INCONTRI RAVVICINATI? – Sempre nel libro si ricorda che si è spesso parlato di punto di collegamento a proposito di Hyperion, e di incontri al vertice con altre associazioni più o meno segreti. Ma, che siano servizi segreti dell’Est, terroristi della Raf o discutibili arabi, mai nessuno parlò di collegamenti con la Cia. Se Hyperion era un trait d’union, lo era tra potenze e forze antioccidentali, e non occidentali. Simioni e i suoi vennero inquisiti da Mastelloni a Venezia e a Roma da Rosario Priore, i due magistrati oggi citati a supporto di Calogero: nel 2003 Mastelloni ammise che “non si è mai avuto un riscontro diretto della loro partecipazione al sequestro Moro“. Anche la storia che oggi Calogero porta a sostegno dell’onnipotenza di Hyperion, ovvero che le sue indagini furono bloccate da una fuga di notizie della quale sarebbe stato responsabile Federico Umberto D’Amato, l’anima nera della Prima Repubblica con il suo Ufficio affari riservati – un articolo di Paolo Graldi uscito nell’aprile 1979 – e incolpando dapprima Silvano Russomanno, numero due di D’Amato. L’Ufficio affari riservati, però, fu sciolto nel 1974. Graldi però venne interrogato, e proprio da Mastelloni. E a lui disse che non era vero che era stato un uomo del Sisde a dargli la notizia, che fu ‘personale’: “Presi lo spunto da una serie di voci e articoli“, disse a verbale. Nell’occasione Mastelloni non contestò la falsa testimonianza a Graldi. Come oggi il Sisde entri nel teorema Calogero è anch’esso un mistero che soltanto il nostro giudice potrebbe svelarci.

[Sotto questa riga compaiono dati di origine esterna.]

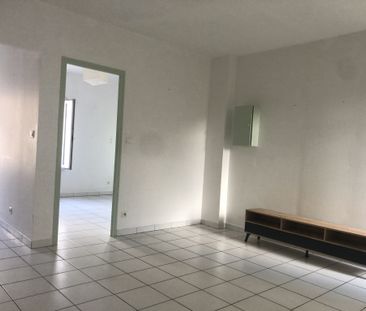 Location Appartement 2 pièces 43m² LA ROCHE CHALAIS 24490 - Photo 3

CHIUSURA DEI FRANCESI? – A ormai trent’anni di distanza, Calogero continua a ripetere che i francesi, arrabbiati per la fuga di notizie, rabbiosamente chiusero i canali di comunicazione con le autorità italiane consentendo a Hyperion di farla franca. Anche qui c’è molta fantasia intorno alle motivazioni che produssero la realtà della troncatura dei rapporti: quelle francesi erano chiare, e riguardavano, scrive Satta, “l’applicazione del diritto d’asilo e la valutazione delle vicende in discussione, ossia la determinazione del confine tra legittima attività politica e terrorismo”. Ai francesi dava fastidio il clima da caccia alle streghe che in Italia qualche pm aveva messo in atto: come abbiamo visto prima, questo non piacque nemmeno ai giudici italiani, che assolsero e fecero a pezzi i teoremi. La pista Hyperion, nella sua inconsistenza, non ha alcun punto d’appoggio sotto forma di indizio nei confronti della Cia e degli amerikani, storicamente e giuridicamente parlando. Se davvero Hyperion era la testa delle Br, era una testa che guardava ad est, e non ad ovest. Ma prove o indizi che ne fosse la testa, allo stesso modo, non ce n’erano. Se Calogero ne prendesse atto, invece di continuare a promuovere una ormai trentennale caccia alle streghe, la logica, la storia e le risultanze giudiziarie gliene saranno profondamente grati.